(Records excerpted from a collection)
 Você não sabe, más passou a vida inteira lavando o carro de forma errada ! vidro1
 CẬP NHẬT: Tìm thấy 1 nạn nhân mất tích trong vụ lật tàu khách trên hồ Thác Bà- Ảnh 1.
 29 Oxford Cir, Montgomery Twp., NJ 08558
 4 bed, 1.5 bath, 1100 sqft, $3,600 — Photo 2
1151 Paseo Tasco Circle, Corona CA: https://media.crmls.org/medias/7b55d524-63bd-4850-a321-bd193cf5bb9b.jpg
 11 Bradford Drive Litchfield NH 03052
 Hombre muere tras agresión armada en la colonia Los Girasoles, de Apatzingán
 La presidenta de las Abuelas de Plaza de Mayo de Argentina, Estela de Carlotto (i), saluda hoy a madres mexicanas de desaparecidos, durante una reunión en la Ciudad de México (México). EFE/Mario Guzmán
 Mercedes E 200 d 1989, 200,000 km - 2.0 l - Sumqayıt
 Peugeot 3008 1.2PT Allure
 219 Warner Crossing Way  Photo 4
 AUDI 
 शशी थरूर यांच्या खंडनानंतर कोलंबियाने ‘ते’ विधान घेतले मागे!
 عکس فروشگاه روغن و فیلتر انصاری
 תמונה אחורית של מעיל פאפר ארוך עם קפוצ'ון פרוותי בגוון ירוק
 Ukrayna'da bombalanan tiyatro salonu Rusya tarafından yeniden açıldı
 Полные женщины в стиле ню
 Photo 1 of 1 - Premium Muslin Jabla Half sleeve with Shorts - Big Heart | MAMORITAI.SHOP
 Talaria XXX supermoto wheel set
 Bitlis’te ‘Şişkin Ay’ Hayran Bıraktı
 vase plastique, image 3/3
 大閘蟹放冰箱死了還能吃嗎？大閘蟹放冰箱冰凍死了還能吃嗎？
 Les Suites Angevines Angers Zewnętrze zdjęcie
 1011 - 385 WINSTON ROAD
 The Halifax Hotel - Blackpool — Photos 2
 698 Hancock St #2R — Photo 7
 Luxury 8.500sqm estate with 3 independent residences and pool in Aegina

- _Task statement_
Reproduce the entries above exactly, but only the lines between the line holding "תמונה אחורית של" and the line holding "Les Suites Angevines", inclusive.

- _Exercise solution_
 תמונה אחורית של מעיל פאפר ארוך עם קפוצ'ון פרוותי בגוון ירוק
 Ukrayna'da bombalanan tiyatro salonu Rusya tarafından yeniden açıldı
 Полные женщины в стиле ню
 Photo 1 of 1 - Premium Muslin Jabla Half sleeve with Shorts - Big Heart | MAMORITAI.SHOP
 Talaria XXX supermoto wheel set
 Bitlis’te ‘Şişkin Ay’ Hayran Bıraktı
 vase plastique, image 3/3
 大閘蟹放冰箱死了還能吃嗎？大閘蟹放冰箱冰凍死了還能吃嗎？
 Les Suites Angevines Angers Zewnętrze zdjęcie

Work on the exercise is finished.